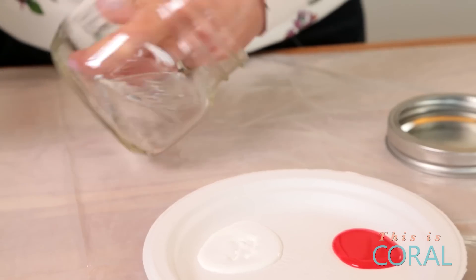The first thing you're going to want to do is make sure that your jar is nice and clean. You're going to want to put something down to protect whatever surface you're working on. Then take your white primer and apply it all over the outside of the jar, as well as the lid.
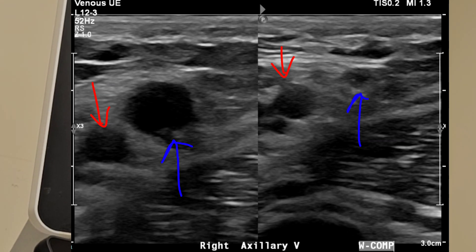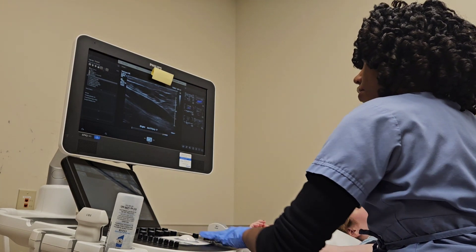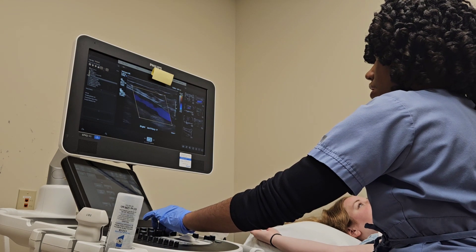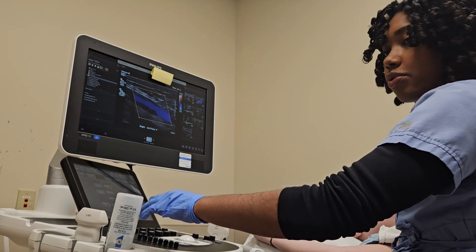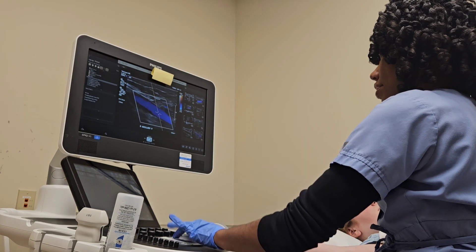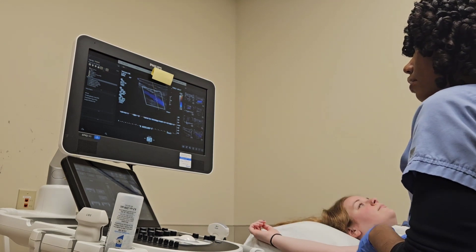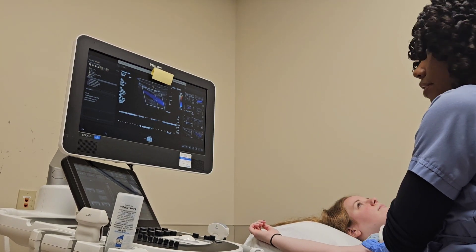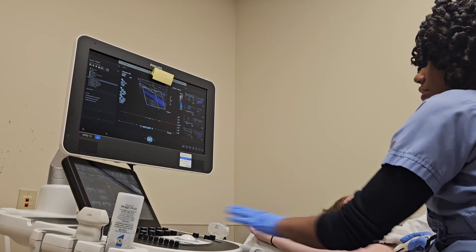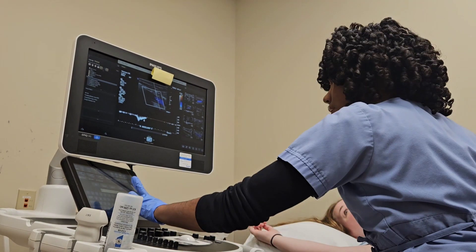I'm going to turn from transverse to longitudinal and get that vein stretched out well. Then turn on color and steer — if you don't know how to steer, I did create a course for that, and you really do need to know how to do that. Take a 2D image first, then get our pulse wave. Now I'm going to squeeze on the inside of Skye's arm — that's a little bit of an augment. That's as good as it's going to get; I'm not going to hurt my patient. Augment done.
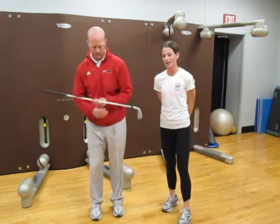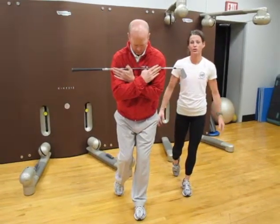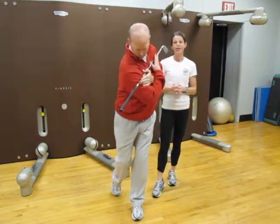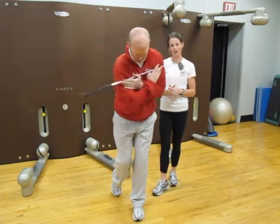Take that golf club and get in your golf posture. Take one leg back so we are working on some balance. I want you to work on rotating that upper body only, back and forth, without moving that lower body. This helps create separation in your golf swing.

*PROBLEM:* No picture belongs in the copy; return the rest of the listing exactly.

*PROBLEM SOLUTION:*
The first thing you're going to want to do is make sure that your jar is nice and clean. You're going to want to put something down to protect whatever surface you're working on. Then take your white primer and apply it all over the outside of the jar, as well as the lid.
I'm going to turn from transverse to longitudinal and get that vein stretched out well. Then turn on color and steer — if you don't know how to steer, I did create a course for that, and you really do need to know how to do that. Take a 2D image first, then get our pulse wave. Now I'm going to squeeze on the inside of Skye's arm — that's a little bit of an augment. That's as good as it's going to get; I'm not going to hurt my patient. Augment done.
Take that golf club and get in your golf posture. Take one leg back so we are working on some balance. I want you to work on rotating that upper body only, back and forth, without moving that lower body. This helps create separation in your golf swing.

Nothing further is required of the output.